She screams a lot. She meets three black garbed Aliens who say nothing. She screams a lot. A flaming torch wielding mob (on skis) corner The Thing and set it on fire. She stops screaming and falls sobbing into arms of ineffectual hero. The aliens leave in their spaceship - still without having said anything. The End (in Swedish). - Hail the Conquering Hero
- Preston Sturges. - The Muppet Movie
- Never seen it before and not as good as I was expecting - but thenThe Muppetsnever are. They're always better in the memory. I remember the TV show as being hilarious, required watching at the time, but when I actually watch an episode now (I have them all on tape) I'm always let down. - At The Earth's Core
- second Doug McClure movie of the week. In this one he's an intrepid Victorian explorer who, with professor Peter Cushing, accidentally discovers a Savage Land in the centre of the earth where hypnotic Pterodactyls enslave photogenic noble savages who just happen to speak English.

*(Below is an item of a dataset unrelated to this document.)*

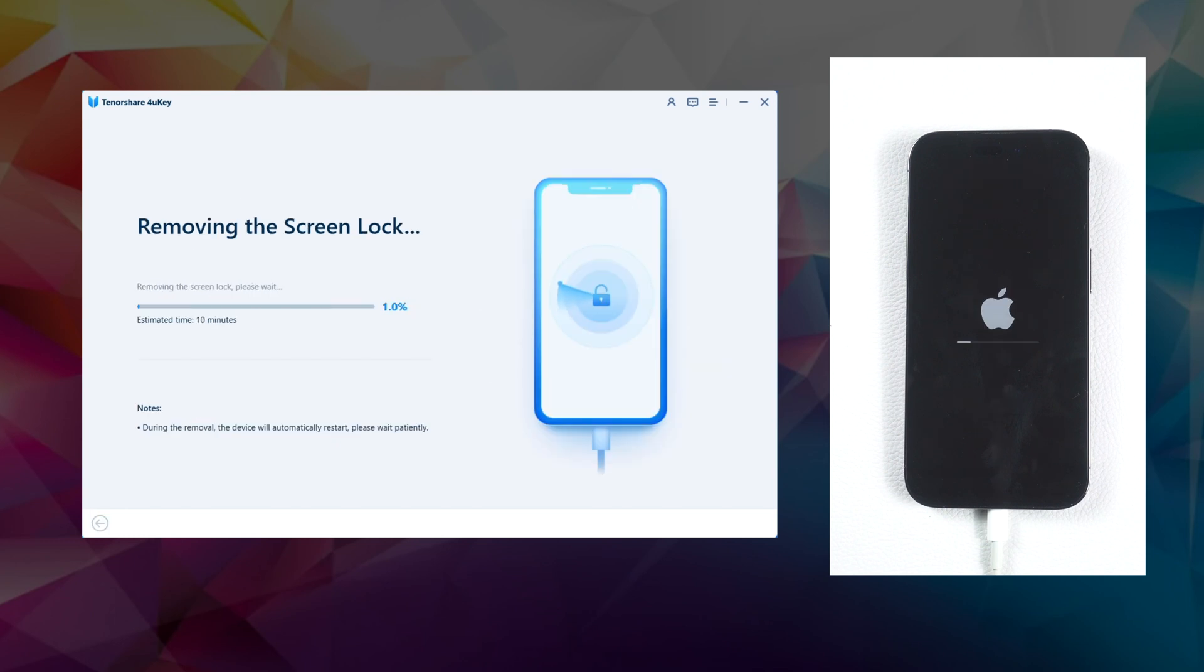Step 5. After the firmware package is downloaded, 4uKey will automatically start unlocking your iPhone.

Not a lot of plot but lots of fighting. See Doug fight. Fight Doug fight. Doug fights a dinosaur. Doug fights another dinosaur. Doug fights a fire breathing dinosaur. Doug fights humans. Doug fights 'Hoojah the Sly One'. Doug fights 'Jubal the Ugly One'. Doug gets 'Dia the Big Knockers' all to himself. Doug unite tribes. Tribes kill hypnodactyls. Tribes happy. Doug goes home. The end.
The film does contain one line of sheer unadulterated moment of genius when the dottery Peter Cushing - having the time of his life hamming it up - stares a six foot rubber hypnodactyl in the face and defiantly says:
"You can't Mesmerise me - I'm British!" - Doppelgänger (aka Journey To The Far Side Of The Sun)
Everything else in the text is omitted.